• Task: Start at the line with "Close-up of a" in the records below, stop at the line with "A collection of", and return every line in that span exactly, the two end lines included.

• Input:
-*-
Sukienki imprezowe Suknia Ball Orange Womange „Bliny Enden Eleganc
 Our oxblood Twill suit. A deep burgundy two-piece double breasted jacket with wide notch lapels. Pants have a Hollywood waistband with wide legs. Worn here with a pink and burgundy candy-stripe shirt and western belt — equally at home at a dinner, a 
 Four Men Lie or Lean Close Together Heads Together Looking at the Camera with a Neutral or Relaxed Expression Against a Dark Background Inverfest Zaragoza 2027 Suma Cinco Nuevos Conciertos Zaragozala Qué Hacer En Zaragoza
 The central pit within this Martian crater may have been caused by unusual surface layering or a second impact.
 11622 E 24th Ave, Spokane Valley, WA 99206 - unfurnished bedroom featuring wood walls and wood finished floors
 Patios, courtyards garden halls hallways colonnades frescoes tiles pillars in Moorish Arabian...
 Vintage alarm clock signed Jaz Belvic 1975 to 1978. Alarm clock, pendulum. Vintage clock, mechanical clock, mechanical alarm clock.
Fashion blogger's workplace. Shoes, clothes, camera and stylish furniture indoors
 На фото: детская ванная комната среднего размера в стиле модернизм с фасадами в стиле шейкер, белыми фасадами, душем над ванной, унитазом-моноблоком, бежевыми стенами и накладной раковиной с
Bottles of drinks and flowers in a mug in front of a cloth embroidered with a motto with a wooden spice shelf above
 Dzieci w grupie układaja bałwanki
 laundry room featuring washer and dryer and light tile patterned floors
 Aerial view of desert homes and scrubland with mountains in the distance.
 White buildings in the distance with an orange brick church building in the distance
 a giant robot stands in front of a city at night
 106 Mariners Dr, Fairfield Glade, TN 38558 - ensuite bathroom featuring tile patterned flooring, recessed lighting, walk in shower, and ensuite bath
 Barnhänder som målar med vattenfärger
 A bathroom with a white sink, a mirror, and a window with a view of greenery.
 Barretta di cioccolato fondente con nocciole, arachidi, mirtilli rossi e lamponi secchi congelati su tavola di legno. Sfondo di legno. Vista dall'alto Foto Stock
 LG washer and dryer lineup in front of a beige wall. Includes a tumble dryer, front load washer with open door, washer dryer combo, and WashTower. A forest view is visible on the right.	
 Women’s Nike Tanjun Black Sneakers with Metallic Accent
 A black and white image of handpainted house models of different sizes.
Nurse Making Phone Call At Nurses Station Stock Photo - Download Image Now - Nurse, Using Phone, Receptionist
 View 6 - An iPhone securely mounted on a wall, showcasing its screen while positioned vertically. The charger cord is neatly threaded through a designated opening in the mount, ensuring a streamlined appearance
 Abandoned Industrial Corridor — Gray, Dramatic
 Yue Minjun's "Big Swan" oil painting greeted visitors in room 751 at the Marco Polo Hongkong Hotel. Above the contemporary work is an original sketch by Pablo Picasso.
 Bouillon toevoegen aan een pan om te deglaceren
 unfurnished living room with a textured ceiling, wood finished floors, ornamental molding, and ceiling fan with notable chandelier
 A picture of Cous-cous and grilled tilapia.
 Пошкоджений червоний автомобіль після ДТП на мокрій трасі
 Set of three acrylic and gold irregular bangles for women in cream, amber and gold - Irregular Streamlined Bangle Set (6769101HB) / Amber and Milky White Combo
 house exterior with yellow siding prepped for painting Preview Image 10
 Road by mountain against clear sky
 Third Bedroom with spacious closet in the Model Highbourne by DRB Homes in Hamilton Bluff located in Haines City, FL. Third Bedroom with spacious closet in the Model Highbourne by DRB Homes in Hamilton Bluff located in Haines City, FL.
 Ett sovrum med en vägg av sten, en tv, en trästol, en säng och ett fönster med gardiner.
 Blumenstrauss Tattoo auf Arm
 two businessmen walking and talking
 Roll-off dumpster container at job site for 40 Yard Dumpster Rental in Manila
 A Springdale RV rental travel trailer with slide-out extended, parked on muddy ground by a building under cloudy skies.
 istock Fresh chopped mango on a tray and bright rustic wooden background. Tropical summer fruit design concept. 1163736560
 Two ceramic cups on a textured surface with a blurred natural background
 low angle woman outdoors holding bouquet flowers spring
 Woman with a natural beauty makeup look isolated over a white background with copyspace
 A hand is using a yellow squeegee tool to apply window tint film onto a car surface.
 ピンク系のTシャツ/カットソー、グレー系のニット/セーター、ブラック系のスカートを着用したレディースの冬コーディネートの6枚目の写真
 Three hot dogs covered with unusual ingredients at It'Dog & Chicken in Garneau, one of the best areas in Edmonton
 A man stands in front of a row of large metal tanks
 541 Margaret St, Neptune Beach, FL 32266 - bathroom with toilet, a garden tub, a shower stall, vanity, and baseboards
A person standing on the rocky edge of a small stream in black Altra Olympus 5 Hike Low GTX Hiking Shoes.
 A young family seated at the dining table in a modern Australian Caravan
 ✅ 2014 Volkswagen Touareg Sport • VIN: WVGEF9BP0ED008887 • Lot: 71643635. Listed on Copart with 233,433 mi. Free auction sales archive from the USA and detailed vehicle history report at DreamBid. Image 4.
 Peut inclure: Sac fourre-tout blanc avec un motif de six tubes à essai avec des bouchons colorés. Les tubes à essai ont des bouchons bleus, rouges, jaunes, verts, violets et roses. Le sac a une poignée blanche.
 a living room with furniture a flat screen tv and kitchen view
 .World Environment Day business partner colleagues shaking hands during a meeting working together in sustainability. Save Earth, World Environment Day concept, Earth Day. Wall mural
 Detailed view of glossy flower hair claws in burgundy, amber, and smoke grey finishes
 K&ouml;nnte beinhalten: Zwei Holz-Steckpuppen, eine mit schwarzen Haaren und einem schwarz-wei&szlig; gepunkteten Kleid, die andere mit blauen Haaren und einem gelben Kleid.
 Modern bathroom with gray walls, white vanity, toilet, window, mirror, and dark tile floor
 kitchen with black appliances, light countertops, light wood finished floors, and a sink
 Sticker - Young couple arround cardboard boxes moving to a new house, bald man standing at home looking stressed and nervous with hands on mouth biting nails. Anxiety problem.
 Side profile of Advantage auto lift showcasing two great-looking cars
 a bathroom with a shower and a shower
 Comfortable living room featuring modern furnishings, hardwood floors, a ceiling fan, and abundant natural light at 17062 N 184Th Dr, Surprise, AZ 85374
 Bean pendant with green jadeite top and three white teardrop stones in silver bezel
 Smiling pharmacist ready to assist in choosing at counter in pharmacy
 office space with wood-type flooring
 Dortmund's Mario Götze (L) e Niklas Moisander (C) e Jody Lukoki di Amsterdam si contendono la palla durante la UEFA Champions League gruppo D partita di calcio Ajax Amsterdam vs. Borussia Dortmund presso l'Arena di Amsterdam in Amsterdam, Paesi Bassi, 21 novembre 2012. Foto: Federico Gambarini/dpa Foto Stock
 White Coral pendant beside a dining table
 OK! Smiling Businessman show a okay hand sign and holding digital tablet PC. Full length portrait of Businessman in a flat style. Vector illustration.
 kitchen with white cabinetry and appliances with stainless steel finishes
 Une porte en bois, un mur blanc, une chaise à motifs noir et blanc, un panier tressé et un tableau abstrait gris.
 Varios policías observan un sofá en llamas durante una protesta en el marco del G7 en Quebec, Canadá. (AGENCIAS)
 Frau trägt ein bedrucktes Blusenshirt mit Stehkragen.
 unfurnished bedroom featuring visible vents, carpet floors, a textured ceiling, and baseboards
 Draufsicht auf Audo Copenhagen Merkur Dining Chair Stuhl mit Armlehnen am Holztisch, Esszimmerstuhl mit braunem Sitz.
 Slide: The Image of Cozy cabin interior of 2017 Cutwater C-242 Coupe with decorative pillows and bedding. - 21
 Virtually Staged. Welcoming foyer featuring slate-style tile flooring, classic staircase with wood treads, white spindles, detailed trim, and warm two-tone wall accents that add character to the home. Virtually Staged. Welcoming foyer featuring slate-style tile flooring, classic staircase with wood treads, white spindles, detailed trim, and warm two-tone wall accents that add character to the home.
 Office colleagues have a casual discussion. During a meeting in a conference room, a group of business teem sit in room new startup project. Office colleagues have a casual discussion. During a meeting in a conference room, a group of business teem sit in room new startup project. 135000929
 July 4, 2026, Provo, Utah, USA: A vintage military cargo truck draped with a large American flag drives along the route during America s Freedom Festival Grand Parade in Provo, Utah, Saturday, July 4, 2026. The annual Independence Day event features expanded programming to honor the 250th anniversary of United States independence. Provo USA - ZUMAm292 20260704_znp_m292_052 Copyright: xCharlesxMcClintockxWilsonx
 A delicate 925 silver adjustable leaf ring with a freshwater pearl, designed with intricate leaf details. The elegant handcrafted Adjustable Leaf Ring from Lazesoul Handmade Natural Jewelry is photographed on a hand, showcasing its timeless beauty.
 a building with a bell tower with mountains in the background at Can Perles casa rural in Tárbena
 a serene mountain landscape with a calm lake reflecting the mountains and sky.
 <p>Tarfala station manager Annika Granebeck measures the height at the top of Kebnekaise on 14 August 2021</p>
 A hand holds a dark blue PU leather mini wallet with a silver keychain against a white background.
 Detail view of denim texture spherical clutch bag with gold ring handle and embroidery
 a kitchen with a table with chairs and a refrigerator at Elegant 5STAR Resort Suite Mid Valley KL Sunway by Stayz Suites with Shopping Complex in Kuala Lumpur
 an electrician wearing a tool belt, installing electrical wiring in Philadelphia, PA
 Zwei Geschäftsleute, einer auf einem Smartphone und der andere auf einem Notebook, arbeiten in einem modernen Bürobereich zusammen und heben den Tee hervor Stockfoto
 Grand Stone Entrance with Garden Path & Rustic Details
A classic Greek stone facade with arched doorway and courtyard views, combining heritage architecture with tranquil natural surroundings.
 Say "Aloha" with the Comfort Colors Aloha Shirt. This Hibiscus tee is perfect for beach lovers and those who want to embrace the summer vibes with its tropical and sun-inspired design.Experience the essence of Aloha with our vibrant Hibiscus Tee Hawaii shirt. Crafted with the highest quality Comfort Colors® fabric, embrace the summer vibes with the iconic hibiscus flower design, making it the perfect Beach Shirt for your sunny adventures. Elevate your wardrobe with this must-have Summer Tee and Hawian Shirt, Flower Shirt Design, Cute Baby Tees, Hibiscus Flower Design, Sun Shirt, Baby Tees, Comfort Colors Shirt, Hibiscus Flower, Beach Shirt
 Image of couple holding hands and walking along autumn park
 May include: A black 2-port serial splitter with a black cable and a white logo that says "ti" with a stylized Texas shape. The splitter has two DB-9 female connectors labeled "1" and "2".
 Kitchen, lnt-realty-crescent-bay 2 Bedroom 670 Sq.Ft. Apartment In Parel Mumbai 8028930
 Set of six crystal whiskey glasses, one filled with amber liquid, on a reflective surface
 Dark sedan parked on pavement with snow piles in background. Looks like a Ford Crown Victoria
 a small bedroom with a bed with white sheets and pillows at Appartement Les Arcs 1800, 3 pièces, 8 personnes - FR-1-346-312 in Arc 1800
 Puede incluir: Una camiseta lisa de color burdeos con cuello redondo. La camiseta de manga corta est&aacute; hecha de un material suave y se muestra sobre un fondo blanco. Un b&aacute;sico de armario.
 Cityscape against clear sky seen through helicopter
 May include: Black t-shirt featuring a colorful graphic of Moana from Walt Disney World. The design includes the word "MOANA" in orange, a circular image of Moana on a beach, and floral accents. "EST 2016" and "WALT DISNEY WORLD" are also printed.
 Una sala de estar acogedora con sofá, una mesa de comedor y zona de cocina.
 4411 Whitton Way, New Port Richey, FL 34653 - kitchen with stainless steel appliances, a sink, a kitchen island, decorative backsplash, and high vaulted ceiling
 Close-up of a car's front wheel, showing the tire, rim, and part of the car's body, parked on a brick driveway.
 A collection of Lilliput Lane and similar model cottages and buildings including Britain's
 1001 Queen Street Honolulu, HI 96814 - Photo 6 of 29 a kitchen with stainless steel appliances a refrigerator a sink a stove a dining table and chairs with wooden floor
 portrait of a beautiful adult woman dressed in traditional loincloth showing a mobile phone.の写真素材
-*-
• Response to the task:
 Close-up of a car's front wheel, showing the tire, rim, and part of the car's body, parked on a brick driveway.
 A collection of Lilliput Lane and similar model cottages and buildings including Britain's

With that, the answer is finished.